The humongous collection of extensive personal details about millions of people could be a gold mine for scam artists
Two weeks ago, the firm discovered a misconfigured Elasticsearch server that was packed with personal data on most of Ecuador’s citizens, including children. The server – which is hosted in Miami but is believed to be owned by an Ecuadorean consulting company called Novaestrat – was left unsecured for an unknown period of time.
The cache of data weighed in at 18 gigabytes and comprised various personal details, including full names, dates of birth, addresses, phone numbers, ID numbers, family information, financial details, and car registration numbers. As many as 20 million individuals may be impacted, said the researchers, although this count includes duplicate records and records for deceased people.
The leak was eventually plugged on September 11th, but not until Ecuador’s Computer Emergency Response Team (EcuCERT) had to step in. Per ZDNet, which got the scoop on and examined the leak, Novaestrat initially took no action to secure it.

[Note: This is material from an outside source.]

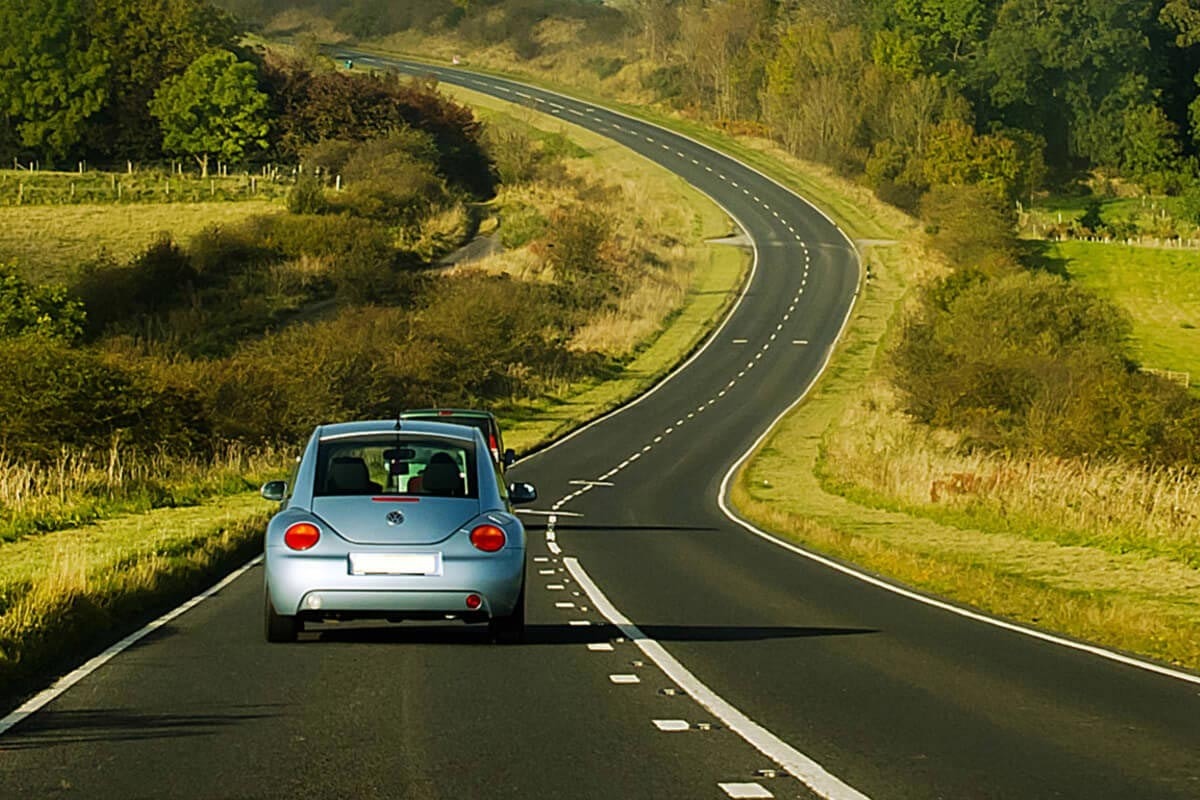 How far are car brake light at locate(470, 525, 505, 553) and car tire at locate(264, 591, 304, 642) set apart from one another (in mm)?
1409

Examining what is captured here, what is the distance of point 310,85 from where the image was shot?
10200 centimetres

Meanwhile, Ecuador’s telecommunications ministry said (in Spanish) that Novaestrat had obtained the data in an illegal manner. In fact, the country’s interior minister María Paula Romo announced that the firm‘s managing director, identified as William Roberto G., had been detained on Monday.
The information apparently originates from Ecuadorean government sources, as well as from a local automotive association called AEADE and a state-owned bank known as BIESS.

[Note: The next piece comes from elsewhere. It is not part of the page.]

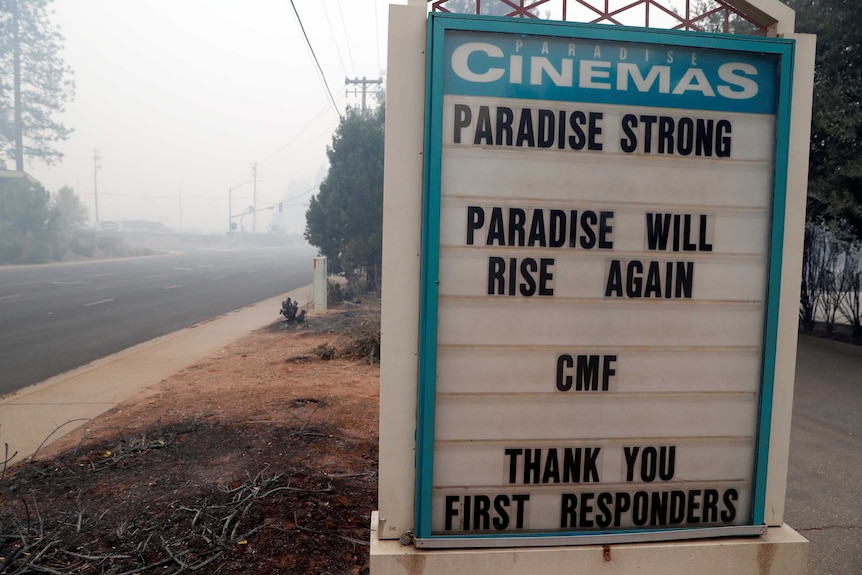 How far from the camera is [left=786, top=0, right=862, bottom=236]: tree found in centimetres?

It’s unclear whether or not the unsecured database was accessed by bad actors before being spotted by the researchers. The personal details could be immensely useful for all manner of scammers, who could leverage them for convincing and highly targeted social engineering campaigns.

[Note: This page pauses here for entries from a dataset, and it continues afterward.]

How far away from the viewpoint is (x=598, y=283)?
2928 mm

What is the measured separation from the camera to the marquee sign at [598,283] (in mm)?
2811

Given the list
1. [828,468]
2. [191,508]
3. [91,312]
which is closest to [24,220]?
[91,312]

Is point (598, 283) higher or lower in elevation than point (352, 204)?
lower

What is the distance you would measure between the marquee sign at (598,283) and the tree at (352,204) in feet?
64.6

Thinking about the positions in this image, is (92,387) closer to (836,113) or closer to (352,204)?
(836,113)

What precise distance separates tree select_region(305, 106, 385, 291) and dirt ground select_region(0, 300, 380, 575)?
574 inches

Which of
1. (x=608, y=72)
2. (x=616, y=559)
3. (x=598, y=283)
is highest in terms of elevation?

Data exposures caused by leaky servers are certainly not uncommon, but this security and privacy lapse is notable for its sheer breadth and depth. In fact, it may bring echoes of an incident in Chile from just weeks ago that had the personal data of 80% of the country’s population exposed in another ‘nationwide leak’, also courtesy of an unsecured Elasticsearch cluster.
Meanwhile, a data breach at credit bureau Equifax two years ago saw hackers steal extensive personal data on half the US population, as well as hundreds of thousands of Canadians and Brits. In Bulgaria, bad actors recently breached the country’s tax agency and made off with personal data on almost all of the country’s taxpayers.